Efficacy and safety of oral low‐dose tacrolimus treatment in liver transplantation
Author(s) -
Margarit C.,
Rimola A.,
GonzalezPinto I.,
CuervasMons V.,
Edo A.,
Andreu H.,
MorenoGonzalez E.,
Calleja J. L.
Publication year - 1998
Publication title -
transplant international
Language(s) - English
Resource type - Journals
SCImago Journal Rank - 0.998
H-Index - 82
eISSN - 1432-2277
pISSN - 0934-0874
DOI - 10.1111/j.1432-2277.1998.tb01129.x
Subject(s) - medicine , tacrolimus , liver transplantation , immunosuppression , transplantation , adverse effect , nephrotoxicity , gastroenterology , trough level , coma (optics) , surgery , anesthesia , toxicity , physics , optics
Eighty‐four adult patients were recruited from four centres in Spain to evaluate the efficacy and safety of low‐dose (0.1 mg/kg per day) oral tacrolimus plus corticosteroid immunosuppression in liver transplantation.
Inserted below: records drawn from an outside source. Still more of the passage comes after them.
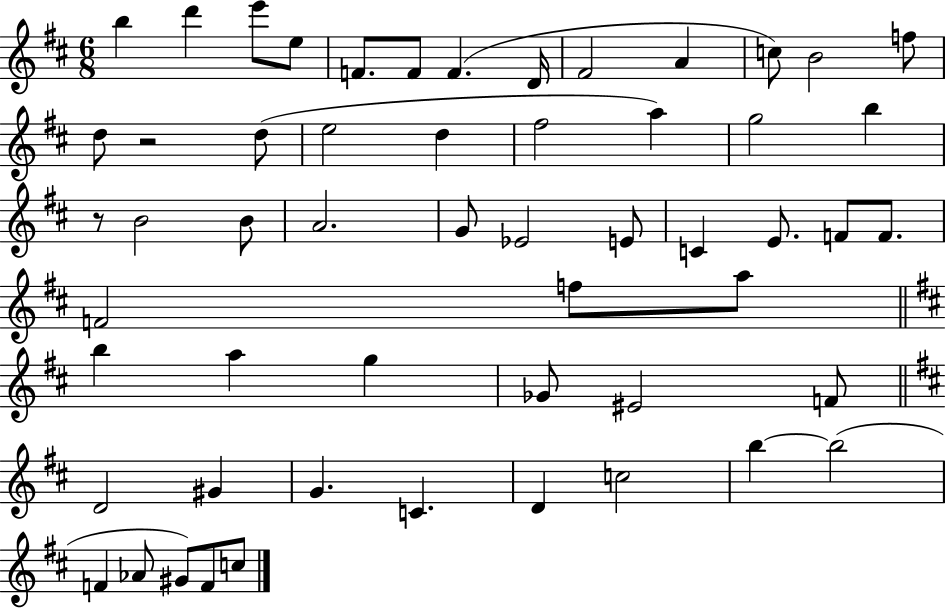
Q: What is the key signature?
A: D major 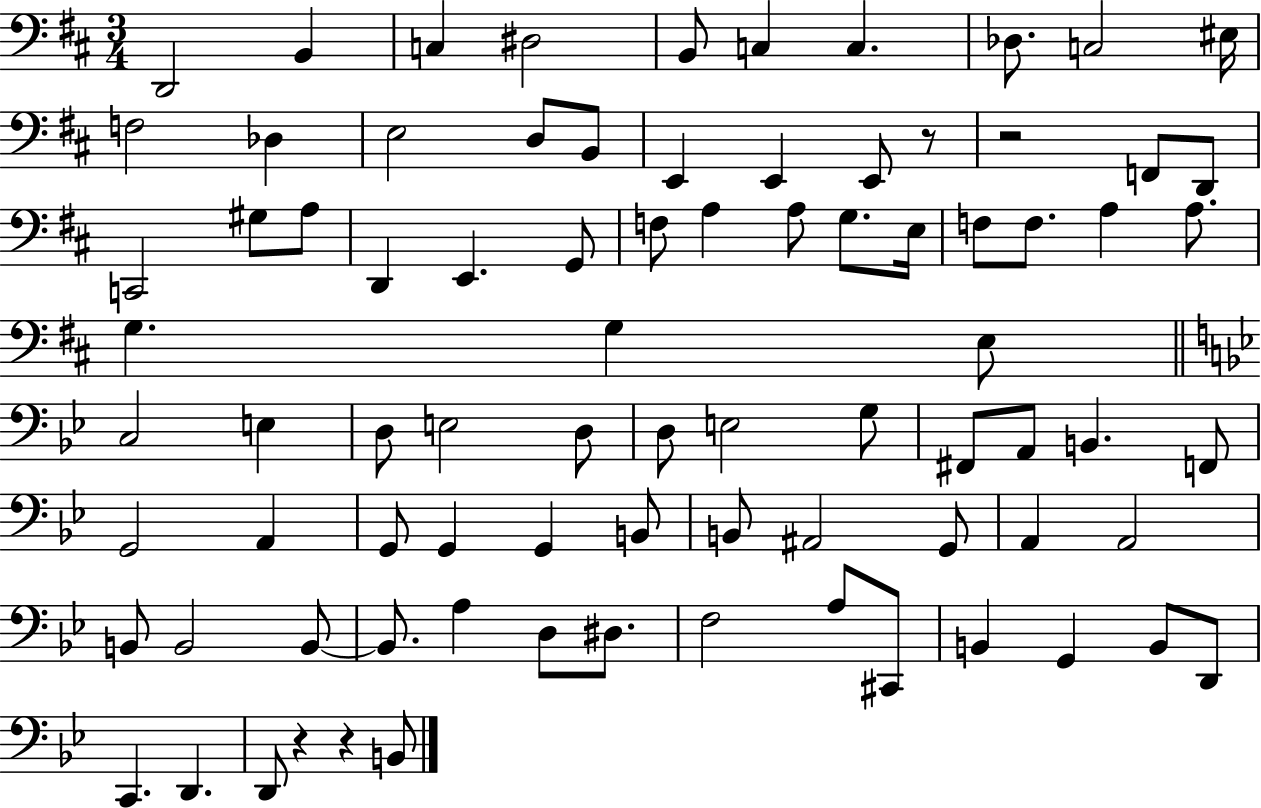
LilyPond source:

{
  \clef bass
  \numericTimeSignature
  \time 3/4
  \key d \major
  d,2 b,4 | c4 dis2 | b,8 c4 c4. | des8. c2 eis16 | \break f2 des4 | e2 d8 b,8 | e,4 e,4 e,8 r8 | r2 f,8 d,8 | \break c,2 gis8 a8 | d,4 e,4. g,8 | f8 a4 a8 g8. e16 | f8 f8. a4 a8. | \break g4. g4 e8 | \bar "||" \break \key bes \major c2 e4 | d8 e2 d8 | d8 e2 g8 | fis,8 a,8 b,4. f,8 | \break g,2 a,4 | g,8 g,4 g,4 b,8 | b,8 ais,2 g,8 | a,4 a,2 | \break b,8 b,2 b,8~~ | b,8. a4 d8 dis8. | f2 a8 cis,8 | b,4 g,4 b,8 d,8 | \break c,4. d,4. | d,8 r4 r4 b,8 | \bar "|."
} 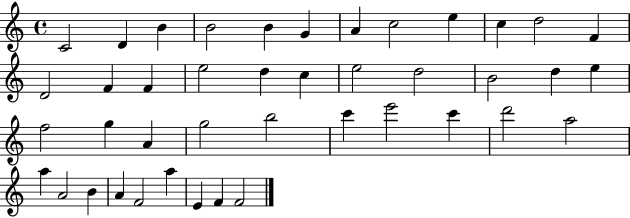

The median daily dose of tacrolimus was increased during the first 3 weeks of therapy from an initial dose of 0.1 mg/kg per day to a maximum of 0.145 mg/kg per day and was subsequently decreased gradually to a minimum of 0.076 mg/kg per day at 1 year. At 7 days posttransplantation, 87.7 % of patients had trough whole blood levels of tacrolimus within the therapeutic range (5–20 ng/ml), and the median levels remained fairly constant during the rest of the year (10.1–11.8 ng/ml). None of the patients required intravenous administration of tacrolimus. At 1 year, Kaplan‐Meier estimates showed that 73.8 % of the patients were receiving tacrolimus monotherapy without the need for corticosteroids. One‐year patient and graft survival were 75.9 % and 72.3 %, respectively. The incidence of acute rejection was 51.2 %; 9.5 % of cases resolved spontaneously without antirejection therapy and 10.7 % were corticosteroid resistant. Only 1 patient (1.2 %) developed chronic rejection. The most important adverse events were hypertension (45.2%), tremor (44.0%), diabetes mellitus (33.3%), diarrhoea (31 %) and nephrotoxicity (29.8%). Severe neurotoxicity‐like convulsions (4.8%), dysarthria (9.5 %), delirium (1.2%), coma (1.2 %) and the need for haemodialysis (3 patients) were uncommon. In conclusion, low‐dose oral tacrolimus immunosuppression is associated with low toxicity without compromising efficacy.